Meanwhile, the pre-selling condominium market in Metro Manila is experiencing a slowdown, with developers reporting tepid launches and take-up, due to rising mortgage rates and the long remaining inventory life of existing units.
Colliers anticipates a significant influx of new condominium units in the coming year, potentially leading to increased vacancy rates within the secondary market.
“Developers need to recalibrate their strategies especially with slow launches and take up in the Metro Manila pre-selling condominium market. Greater land banking and launch of horizontal projects outside Metro Manila looks viable at this point.
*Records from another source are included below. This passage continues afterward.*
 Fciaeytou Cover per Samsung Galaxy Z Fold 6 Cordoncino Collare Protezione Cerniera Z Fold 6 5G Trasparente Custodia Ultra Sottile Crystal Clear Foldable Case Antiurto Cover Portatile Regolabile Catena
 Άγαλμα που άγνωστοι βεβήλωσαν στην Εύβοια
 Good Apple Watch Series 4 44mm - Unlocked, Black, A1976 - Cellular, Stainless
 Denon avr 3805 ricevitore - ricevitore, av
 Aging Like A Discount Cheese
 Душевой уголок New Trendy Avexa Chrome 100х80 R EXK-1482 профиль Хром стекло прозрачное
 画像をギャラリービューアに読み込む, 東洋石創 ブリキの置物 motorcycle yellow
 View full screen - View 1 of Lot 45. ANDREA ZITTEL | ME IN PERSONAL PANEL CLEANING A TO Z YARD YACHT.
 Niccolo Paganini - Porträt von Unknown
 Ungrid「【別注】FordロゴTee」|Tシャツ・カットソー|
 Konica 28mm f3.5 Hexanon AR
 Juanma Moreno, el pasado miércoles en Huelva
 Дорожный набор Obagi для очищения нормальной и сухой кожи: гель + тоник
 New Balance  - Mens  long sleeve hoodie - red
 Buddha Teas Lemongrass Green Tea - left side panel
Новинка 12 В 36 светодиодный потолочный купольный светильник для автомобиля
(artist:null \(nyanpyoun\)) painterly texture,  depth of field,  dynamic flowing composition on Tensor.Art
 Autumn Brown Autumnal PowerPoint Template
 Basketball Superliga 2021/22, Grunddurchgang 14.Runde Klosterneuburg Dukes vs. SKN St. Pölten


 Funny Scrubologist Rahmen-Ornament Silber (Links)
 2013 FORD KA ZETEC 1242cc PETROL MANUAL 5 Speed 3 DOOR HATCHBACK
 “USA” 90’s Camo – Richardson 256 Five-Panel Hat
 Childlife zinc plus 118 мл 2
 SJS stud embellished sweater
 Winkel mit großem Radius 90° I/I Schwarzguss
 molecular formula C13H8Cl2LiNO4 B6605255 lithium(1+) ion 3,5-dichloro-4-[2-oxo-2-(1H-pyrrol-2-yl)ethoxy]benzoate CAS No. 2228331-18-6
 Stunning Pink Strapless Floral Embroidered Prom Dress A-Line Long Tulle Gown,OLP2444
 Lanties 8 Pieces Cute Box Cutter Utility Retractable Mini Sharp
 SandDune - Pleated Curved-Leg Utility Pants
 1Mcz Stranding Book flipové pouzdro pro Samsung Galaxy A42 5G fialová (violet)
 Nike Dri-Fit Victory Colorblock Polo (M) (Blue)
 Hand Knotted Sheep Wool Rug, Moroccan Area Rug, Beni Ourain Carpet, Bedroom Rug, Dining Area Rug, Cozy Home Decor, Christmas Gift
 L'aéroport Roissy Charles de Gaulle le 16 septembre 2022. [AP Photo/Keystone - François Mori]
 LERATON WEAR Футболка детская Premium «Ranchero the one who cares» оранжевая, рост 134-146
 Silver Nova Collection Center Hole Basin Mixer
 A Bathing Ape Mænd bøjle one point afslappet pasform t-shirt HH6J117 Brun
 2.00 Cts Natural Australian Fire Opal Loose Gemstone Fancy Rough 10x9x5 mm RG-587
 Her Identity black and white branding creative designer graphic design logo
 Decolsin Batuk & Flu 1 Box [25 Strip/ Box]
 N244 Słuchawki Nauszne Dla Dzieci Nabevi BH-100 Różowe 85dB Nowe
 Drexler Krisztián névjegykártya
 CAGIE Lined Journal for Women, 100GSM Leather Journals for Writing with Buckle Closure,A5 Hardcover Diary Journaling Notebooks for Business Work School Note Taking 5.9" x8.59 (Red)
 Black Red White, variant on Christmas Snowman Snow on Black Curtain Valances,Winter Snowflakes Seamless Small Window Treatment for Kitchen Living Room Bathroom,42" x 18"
But there should be more pronounced differentiation of master-planned projects to capture the interest of investors and end users,” Bondoc said.
The office market continues to hold steady, with a vacancy rate of 19 percent in first quarter 2024 compared to 19.3 percent in the same period last year, said Colliers Office Services – Tenant Representation director Kevin Jara.
The positive trend is attributed to a balance between new supply and space returned to the market through non-renewals and downsizing by some occupiers.
“We urge occupiers to strategically plan ahead and take proactive measures in their real estate strategy to capitalize on the prevailing tenant leaning market. Developers are also encouraged to ramp up their provincial portfolio, especially in underserved markets, to support IT BPM countryside growth,” said Jara.